In AppShell specifically, remember it embeds React Router. Before using a mount effect for initialization, ask whether the work belongs earlier in the lifecycle:

- **route loader** — page data, route-gated checks, redirects, URL-driven preloading
- **auth initialization** — session restore, callback handling, login state checks
- **app startup / bootstrap** — one-time client setup, configuration loading, global wiring

If the work does not require mounted DOM or browser-only lifecycle timing, it probably should not start in `useEffect`.

### 9. External subscriptions

**Detect:** the effect uses `matchMedia`, `addEventListener`, `subscribe`, or similar to mirror long-lived external state into React state.

**Fix:** prefer `useSyncExternalStore` or an existing shared hook.

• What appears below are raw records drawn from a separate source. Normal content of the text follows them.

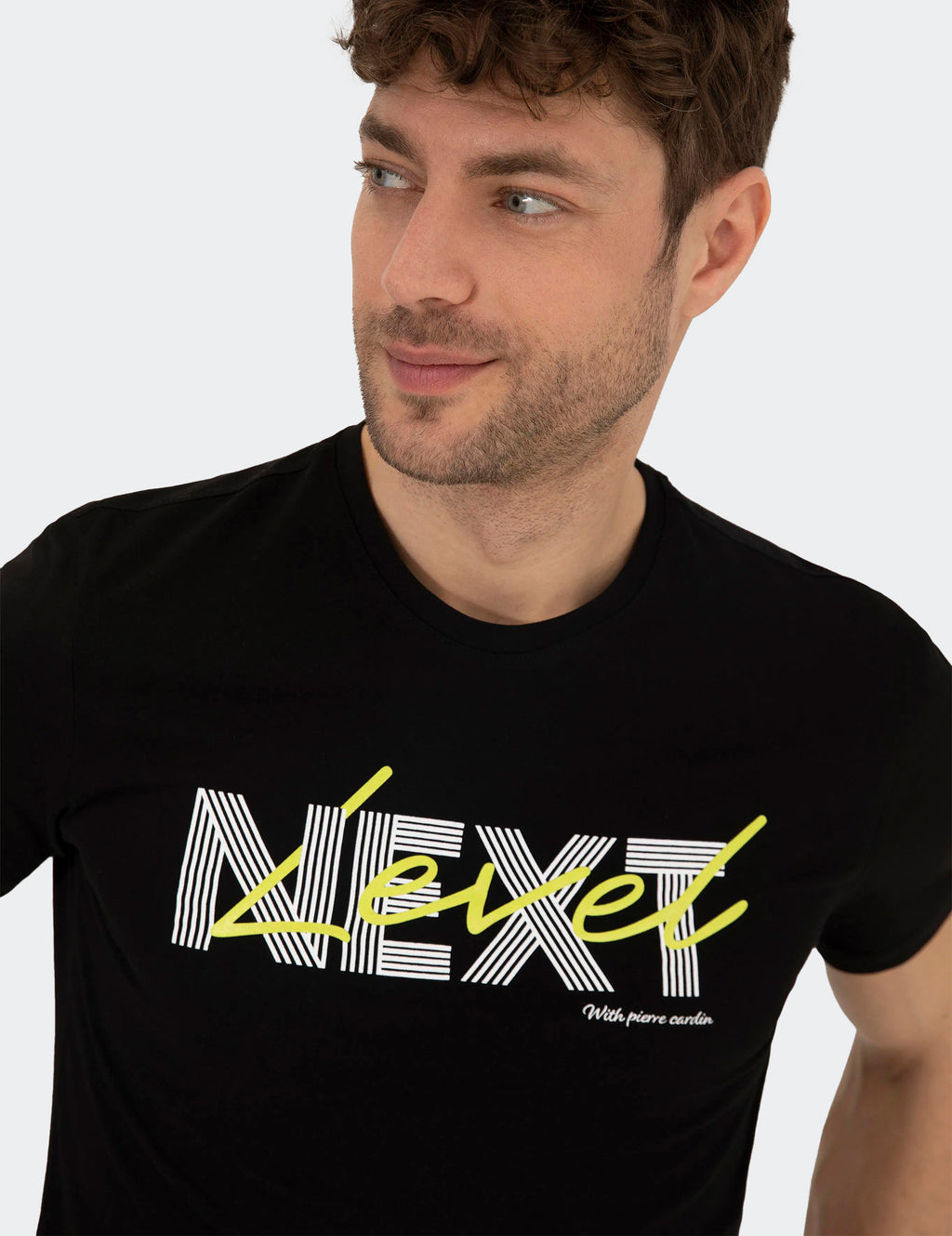 Half Sleeve Neẍt Printed T Shirt-Black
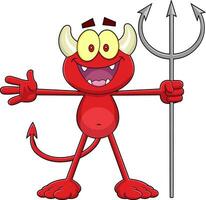 contento poco rosso diavolo cartone animato personaggio con forcone. vettore mano disegnato illustrazione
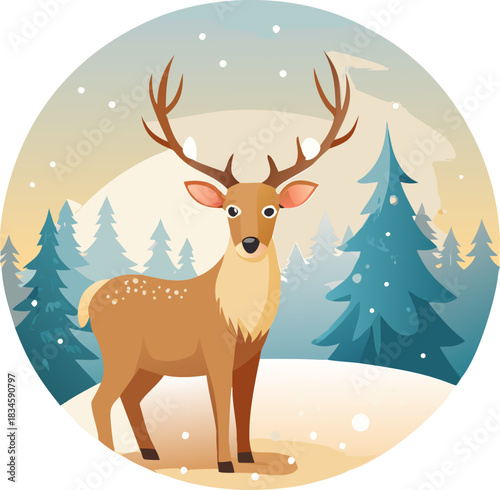 Majestic Reindeer with Antlers in Winter Natural Habitat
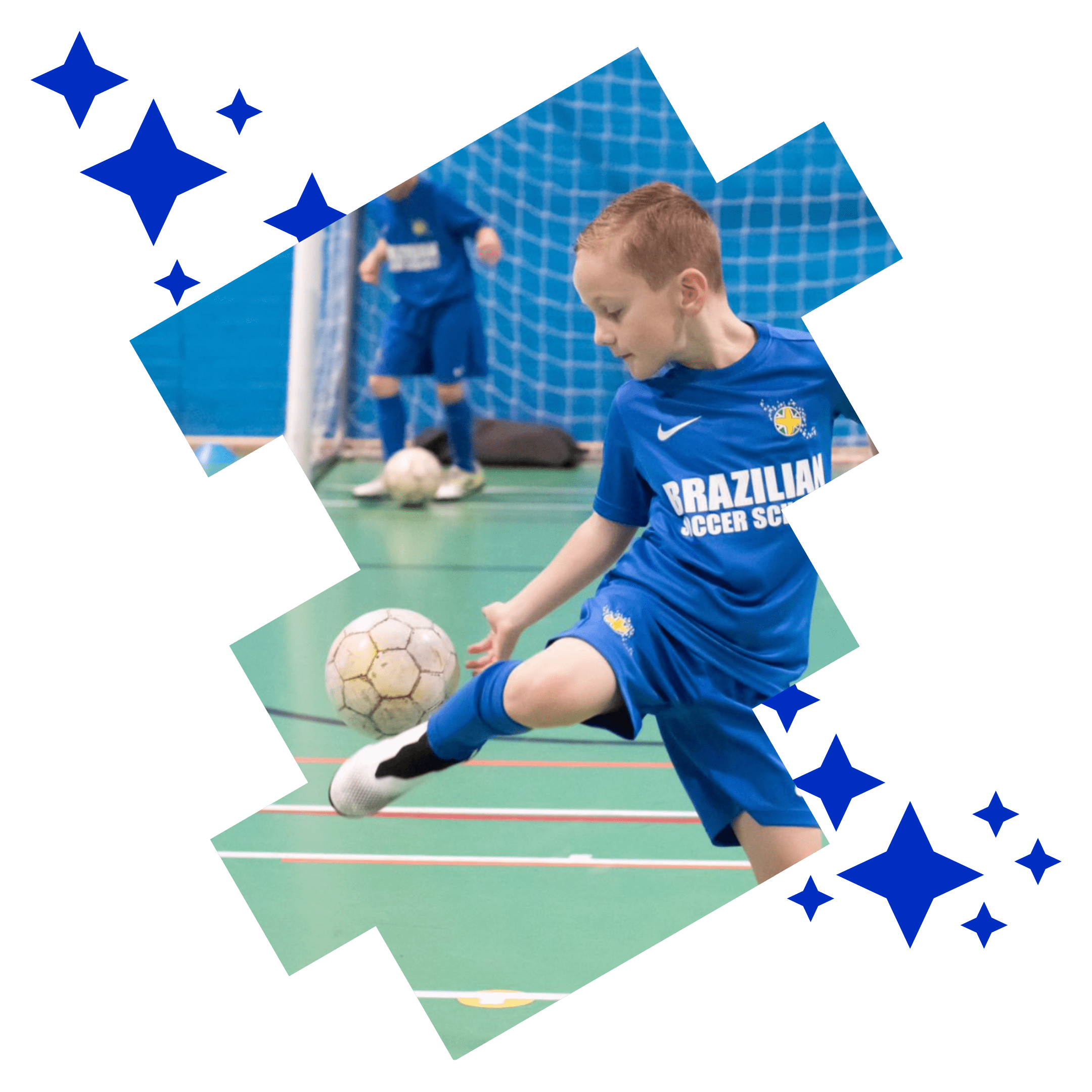 Image shows a Brazilian Soccer Schools student holding up the ICFDS badge scheme presentation case with his coach.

Keep component-scoped imperative integration with proper cleanup when it is truly integration code.

### 10. Fetch without cleanup

**Detect:** async work in an effect updates state after completion but has no abort/ignore cleanup.

**Fix:** add abort/ignore cleanup, or move the fetch to an event handler if it is event-driven.

### 11. Effect chains

**Detect:** multiple effects update state mainly to trigger other effects, forming a chain of cascading renders.

**Fix:** derive what you can during render, and compute the next state in the event handler instead of chaining effects together.

## Legitimate effects — usually keep

Skip these when they are implemented correctly:

- synchronizing with an external system that exists outside React
- component-scoped timers, cleanup, cancellation, or resource release
- focus management on mount
- ref-scoped DOM observers/listeners with cleanup
- analytics that should fire on page display rather than a user action
- mount/unmount registration with cleanup

## Output

Do not force a rigid report format.

- If the user asked for review, give a short list of real findings with file, reason, and smallest fix.
- If the user asked for implementation, apply the smallest safe fix.
- If an effect is legitimate, say so briefly and move on.

## Notes

- Prefer one shared/root fix over patching multiple callers.
- Prefer existing repo patterns over new abstractions.
- If the codebase already has a declarative way to handle head state, routing side effects, or subscriptions, reuse it.